Among the entries below, only the lines from the one with "女人飞白色连衣裙，时装模特在飘扬的长袍，织物飞和扑" through the one with "Autry Buty, Kobieta, Czarny, 36" are wanted, reproduced exactly. Pictures are not wanted.

[[ THE RECORDS open ]]

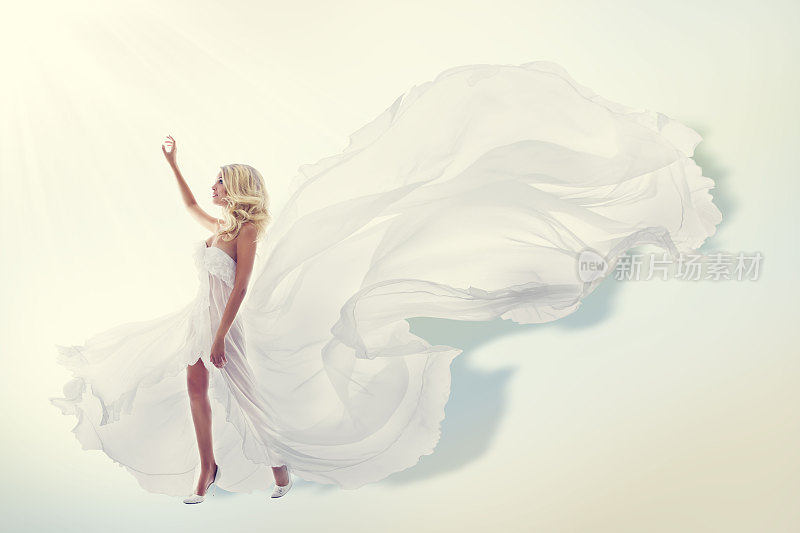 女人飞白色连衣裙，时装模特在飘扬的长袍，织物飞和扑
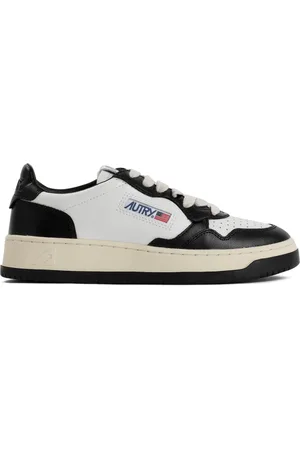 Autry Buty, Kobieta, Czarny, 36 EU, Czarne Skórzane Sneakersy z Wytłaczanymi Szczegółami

[[ THE RECORDS closed ]]
[[ THE RECORDS open ]]

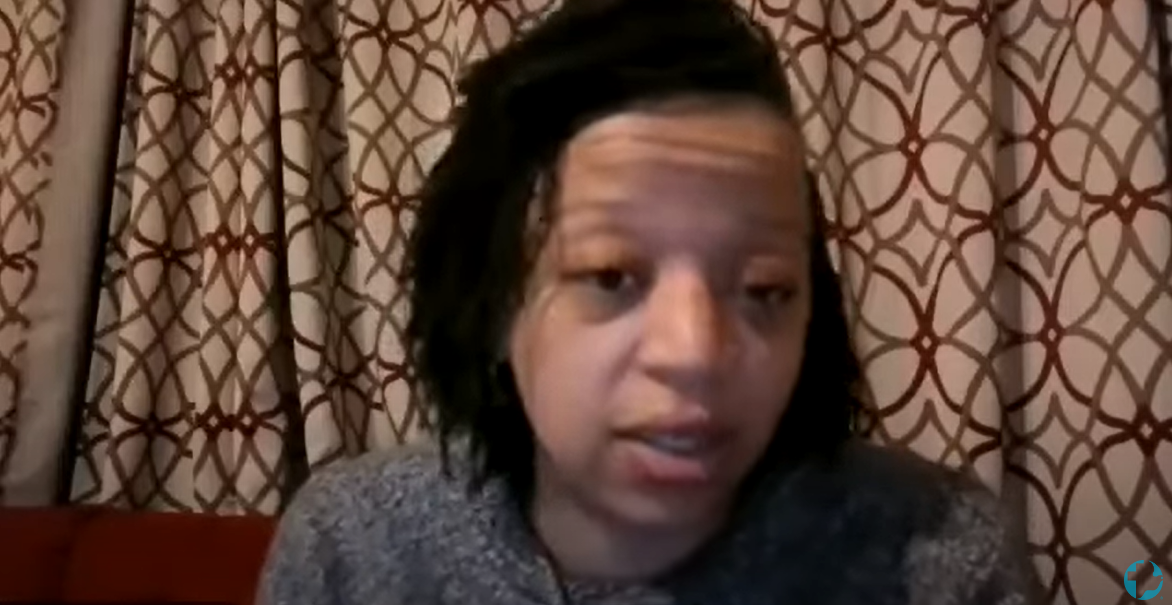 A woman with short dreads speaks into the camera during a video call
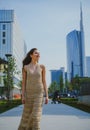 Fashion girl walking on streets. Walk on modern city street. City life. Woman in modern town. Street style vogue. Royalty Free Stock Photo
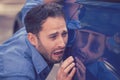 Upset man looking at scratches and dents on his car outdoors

[[ THE RECORDS closed ]]

[RESULT FOR THIS TASK]:
 女人飞白色连衣裙，时装模特在飘扬的长袍，织物飞和扑
 Autry Buty, Kobieta, Czarny, 36 EU, Czarne Skórzane Sneakersy z Wytłaczanymi Szczegółami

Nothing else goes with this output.